So if you want angsty, beautiful people doing amazing things, go somewhere else. My heros are broken, because we are all broken, and to see them overcome, is beautiful.


February 23, 2016
Not yet 11, and already exhausted
Phew! I’m exhausted from finally finishing up a very difficult chapter with Trent’s dad. I’ll be glad to get back to Trent’s mom for the rest of the day, today.
Look for THE TURN in 2017. I’ve got the second Peri book to get out first, (OPERATOR November 22, 2016.) And the Hollows/Drafter mash up in like two months. (Waylaid/Leylined depending on your location.) Amazon B&N (Don’t mind the description at B&N. Amazon has the right one.) And if you think it’s easy to mash two worlds that I intentionally made not to, think again. Honestly, Waylaid is kind of a study in the impossible, but I think I pulled it off.
Busy. It never ends.
For those of you interested, I did finish that dragon made of silk. He turned out really nice. If I could afford/find silk all the time, I’d use it exclusively. It’s strong, gives gives just enough, but holds its shape remarkably well for how soft it is, and doesn’t make me stuff up like wool either. It feels good on my hands.
I’ve already started on another with a very fine cotton, almost a lace weight. I’ve got all kinds of dragons now, and I’ve not tweaked my pattern in several goes, but having twin small dragons tickles my fancy. Besides, knitting keeps me out of the bars, as my dad would say.


February 22, 2016
Ten points
Tim surprised me this weekend with a new pair of sunglasses. I actually squealed when I opened them up. I think it’s the second time he’s heard me do that. No, third. Once with a signed Sting album, again with a Bladerunner unicorn, and now this.
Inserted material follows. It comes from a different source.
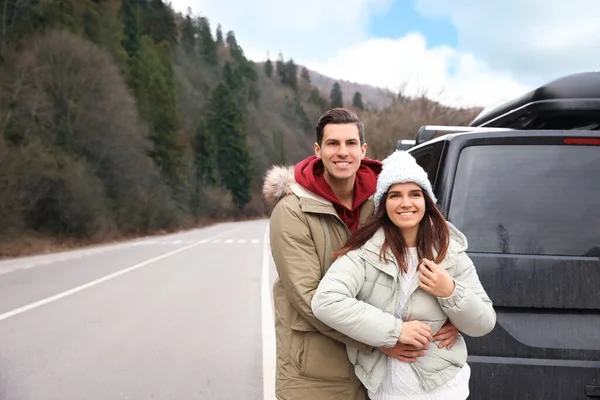 Joyeux Couple Près Voiture Sur Route Vacances Hiver — Photo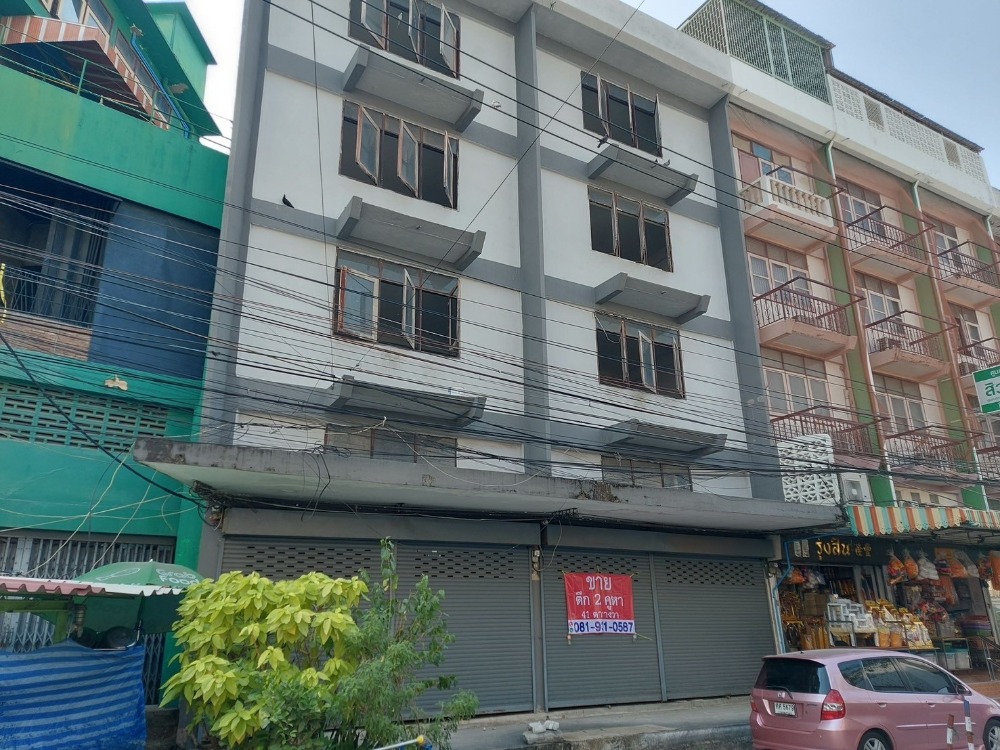 For SaleShop HouseOnnut, Udomsuk : Commercial building for sale, 2 units next to each other, very good location, near BTS Udomsuk.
I will not apologize anymore for what makes my heart beat faster. I am what I am.
They don’t look like much in the picture, but they are absolutely beautiful, with I believe, welder’s glass in them. I don’t have the side shields in, but I’ll give anyone ten points if they can correctly identify whose glasses these actually are.


February 11, 2016
For everything, Turn, Turn, Turn
Research can turn to inspiration really fast when you’re working in the 60s. I’m writing The Turn for the rest of the month and should hit almost the midway mark by the end of it. I’m on Chapter 13 right now, which is traditionally when everything hits the fan in my books. It’s a pacing thing. And sure enough, it has, right on schedule.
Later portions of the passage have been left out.